The Sharp Edge of Peace Review: Women’s Rights, in Retrospect

Hot Docs 2024

4 mins read

The Sharp Edge of Peace
(Afghanistan/Qatar/USA/Belgium, 95 min.)
Dir. Roya Sadat
Programme: World Showcase (World Premiere)


When the United States withdrew its troops from Afghanistan after a 20-year occupation in 2021, the Taliban quickly re-gained control over the country and reneged on its initial promise to uphold previously enforced women’s rights. The Taliban then cut off education to girls at grade six, mandated public dress codes for women, and barred women from using public spaces, working for NGOs and the United Nations.

In the face of these changes, The Sharp Edge of Peace follows the attempts by the Afghan government to negotiate with the Taliban an immediate ceasefire and to recognize women’s rights across the country with peace talks involving the two parties, the U.S., and other foreign officials in Doha, Qatar that concluded at the end of 2021. The film focuses on the four women selected by the Afghan government to participate in these negotiations as part of a 26-person team: Fawzia Koofi, a politician and activist; Sharifa Zurmati, journalist and politician; Habiba Sarabi, physician and politician; and Fatima Gailani, politician.

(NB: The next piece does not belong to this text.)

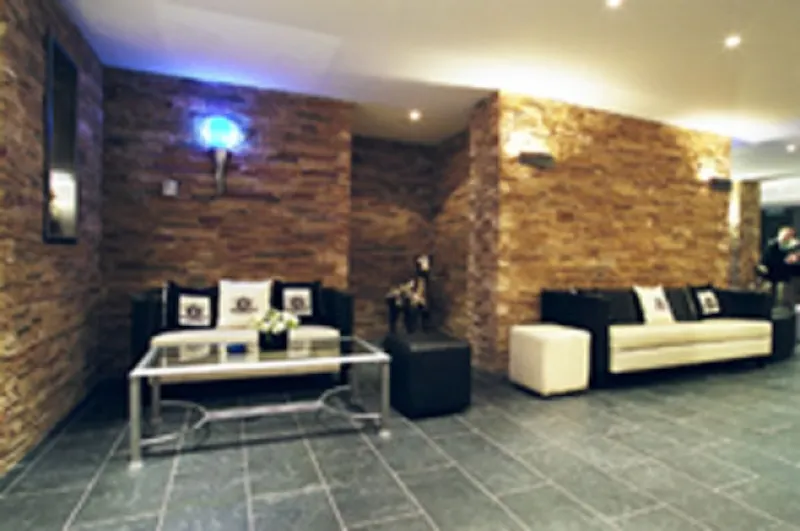 Central London hotel, R687 (photo 25)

Watching these events play out in retrospect, there’s a bitterness and powerlessness in observation. We’re all too aware that these peace talks failed and the rights of girls and women in Afghanistan have diminished greatly since the conference in Doha. However, by viewing these events through the perspective of these four women, The Sharp Edge of Peace underscores a remark made by Gailani early in the film: the country has evolved greatly in the years the Taliban were held at bay, and the women raised in that Afghanistan won’t go quietly.

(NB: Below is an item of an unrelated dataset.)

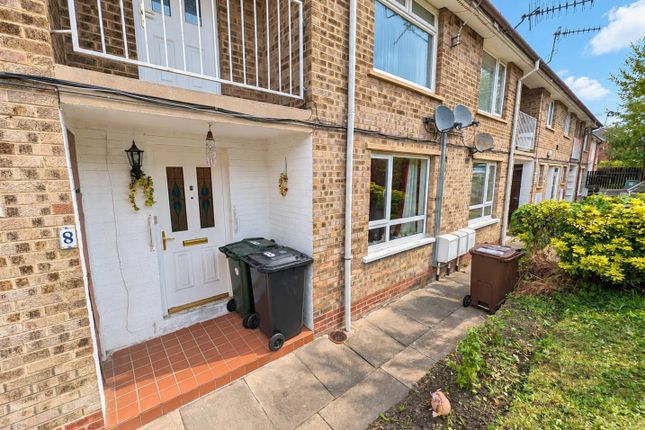 1-bed flat on 8, Woodside, Shipley, £50,000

Directed by Roya Sadat, the film mixes archival news footage with discussions between the four women that gives us a well-rounded view of how history played out to the public and behind closed doors, such as the Taliban contingent not even acknowledging the women when walking past them in Doha. Through this backdoor footage, we come to understand the impending change at a personal level, not just how their day to day life will alter, but how it effects their mindsets as individuals.

Over the last few years in the West, sexual harassment and abuse towards women in the workplace and otherwise has been a focal point in the media, classrooms and general discourse online and in-person. Without reducing the plight of this movement, The Sharp Edge of Peace broadens the urgency of women’s rights collectively across the world, and with this includes a helpless anger from those of us on the outside looking in.

In the film, Koofi states unequivocally that, “We are being erased.” A statement that can read hyperbolic in most circumstances, but in this context, it’s a frightening assessment of their reality. The Sharp Edge of Peace crystallizes exactly what’s at stake for the girls and women of Afghanistan and through Sadat’s direction, we’re given a visceral experience that puts us closer to being in their shoes.

Throughout history and across the globe, it’s never been easy to be a woman. Fights to be safe, to be heard, and to exercise true autonomy over our bodies and minds are won and lost each day inside government institutions and our own homes. The Sharp Edge of Peace reminds those of us in positions with more privilege that these battles extend beyond our doorstep. They require our attention and our sisterhood now more than ever.

The Sharp Edge of Peace screened at Hot Docs 2024.